Насколько актуальна была встреча Путина с представителями науки?
- Сохранение кадрового потенциала научно-педагогического комплекса России - острейшая проблема. К заседанию члены президентского совета готовились в течение года. И то, что оно состоялось именно сейчас, я с какими-то другими политическими событиями не связываю. Настала пора все обсудить. Административная реформа, реформа образования и науки, преобразования, которые в них происходят, требуют серьезного диалога ученых с властями.
- Адекватно ли президент представляет себе истинное положение дел?
- На совете мы обсуждали наиболее острые проблемы. Могу сказать (все мои коллеги тоже так считают), что в любой из проблем науки президент разбирается досконально.

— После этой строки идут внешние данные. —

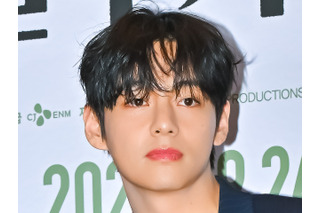 BTS・V、“彼氏感”溢れる写真を大量公開!新AL制作に励むアメリカの豪華宿泊先も?【PHOTO】 画像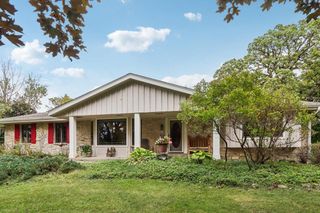 S40W34002 Highland COURT, Dousman, WI 53118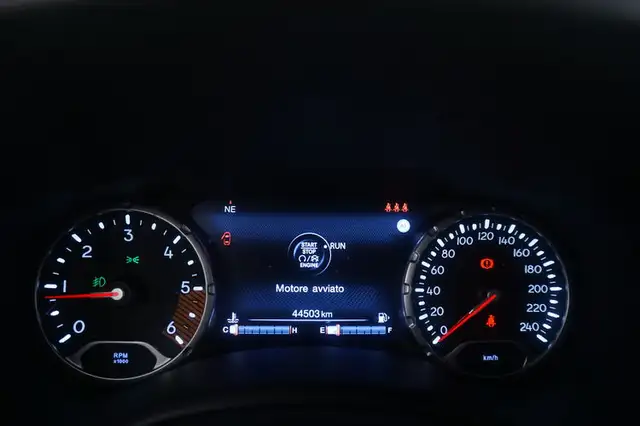 Jeep Renegade view 12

Будь то зарплата ученых, имеющийся в институтах приборный парк, тематика научных исследований, экономический механизм, вопросы образования. Поэтому у нас получился партнерский разговор, диалог.
- Что из этого диалога вы вынесли в плане реорганизации работы МГУ?

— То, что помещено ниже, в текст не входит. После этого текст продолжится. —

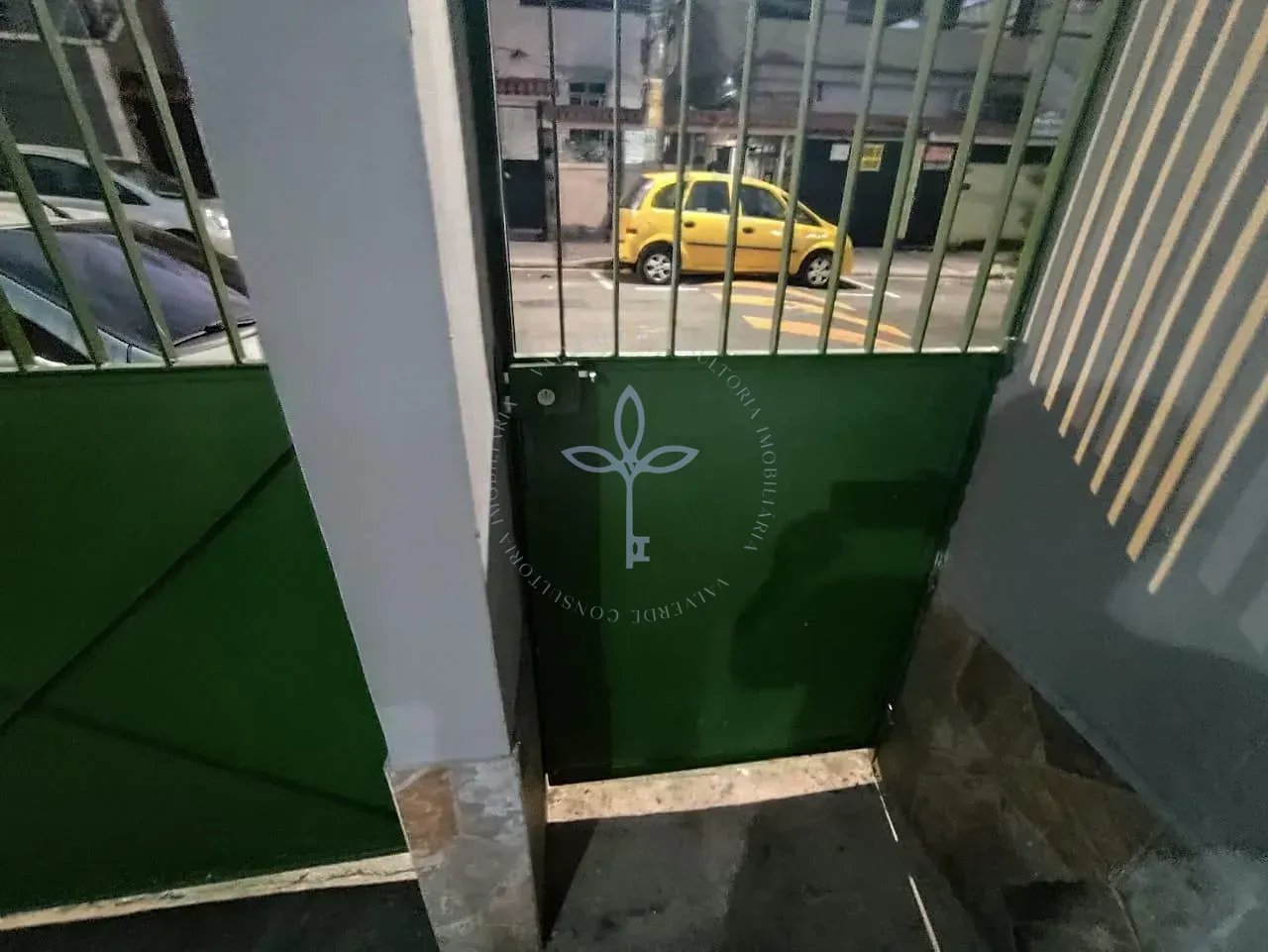 Casa com varanda e 1 vaga de estacionamento para alugar — photo 4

- В процессе подготовки к заседанию я многое переосмыслил и понял, как будет осуществляться организация науки и образования в дальнейшем. Мы предложили президенту новые формы такой работы - создать информационные пояса вокруг университета, инновационные структуры, центры коллективного пользования. Для совершенствования набора в вузы я предложил систему поиска талантливых людей с помощью российских и региональных олимпиад. Кроме того, я предложил ввести систему кредитования студентов на время обучения. Не говорю, что это уже принято, потому что у нас проходило заседание президентского Совета по науке, а не заседание правительства, которое принимает механизмы воплощения той или иной программы. Но идеологически все мои предложения были приняты. Итог работы совета таков - правительству и другим заинтересованным органам, в том числе и на региональном уровне, будут даны поручения. В результате, скорее всего, будет принята соответствующая федеральная программа. По крайней мере, все, что мы предложили на совете, вошло в "Концепцию сохранения, сопровождения и воспроизводства научных кадров России".

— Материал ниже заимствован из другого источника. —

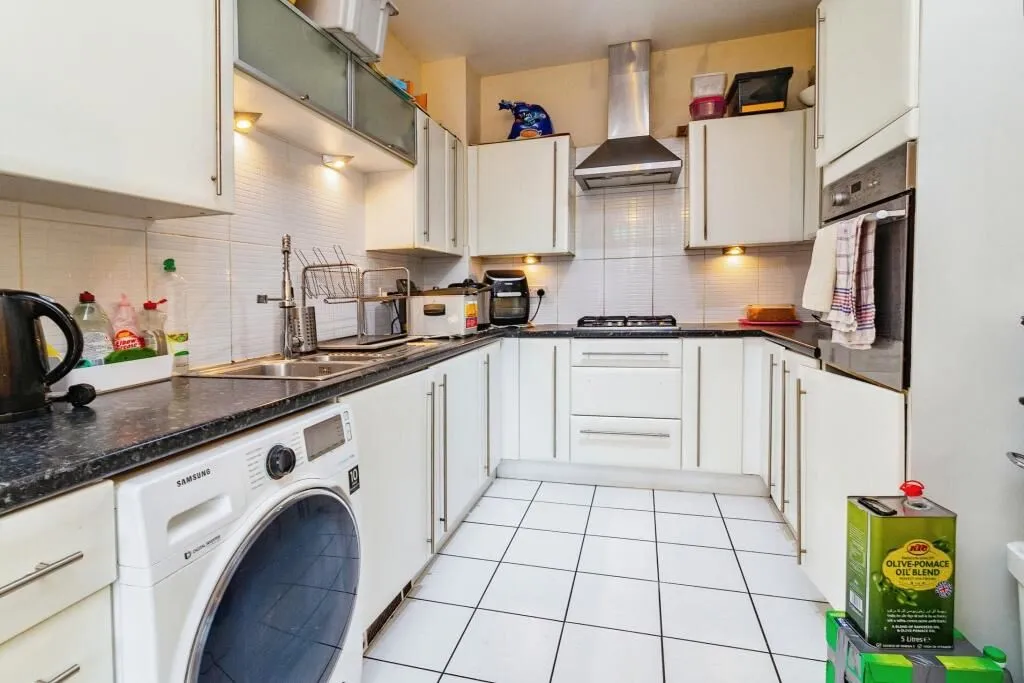 Ashland, Milton Keynes, Buckinghamshire, MK6 4AZ - Online Auctions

- К сожалению, президент практически ежегодно дает ученым заманчивые обещания, но, когда дело доходит до их финансирования, большая часть не выполняется.
- Это правда. Один из разделов сделанного мною на совете доклада был именно об этом. То же говорили и другие выступающие. Чтобы положить конец этой тенденции, на совете мы часто заканчивали свои предложения просьбой дать той или иной инстанции прямое поручение по данному вопросу. Президент сказал: "Мы рассмотрим все ваши предложения, и правительству будет поручено подготовить решение по всем необходимым вопросам".
- Из опубликованной информации можно понять, что президента действительно заботит проблема старения научных кадров.
- Оно вызвано объективными причинами. В своем докладе я даже сравнил средний возраст научного сотрудника в России и США. Однако, как сказал академик Виталий Гинзбург, не надо считать Российскую академию наук клубом старичков. Хотя ему самому 89 лет, а академику Израилю Гельфанду - 90, это не причина бить тревогу. Научная среда, научные школы в России не хуже зарубежных. Это подтвердил молодой ученый, физик Максим Чернодуб, который на совете сказал, что обстановка в России ему нравится больше, чем в Японии, где он проработал два года. Но надо работать с молодежью, чтобы она пришла в науку. Для этого необходимо дать ей достойную зарплату, возможности приобретения жилья, например, через ипотеку. И еще - оснастить институты новейшим оборудованием. Очень важно, что в ответ на наши выступления президент сказал: "Никаких мыслей о том, что Российская академия наук будет как-то ущемлена, у меня нет. Хочу официально заявить, что она будет существовать в России всегда. А слухи о ее ликвидации надо пресечь".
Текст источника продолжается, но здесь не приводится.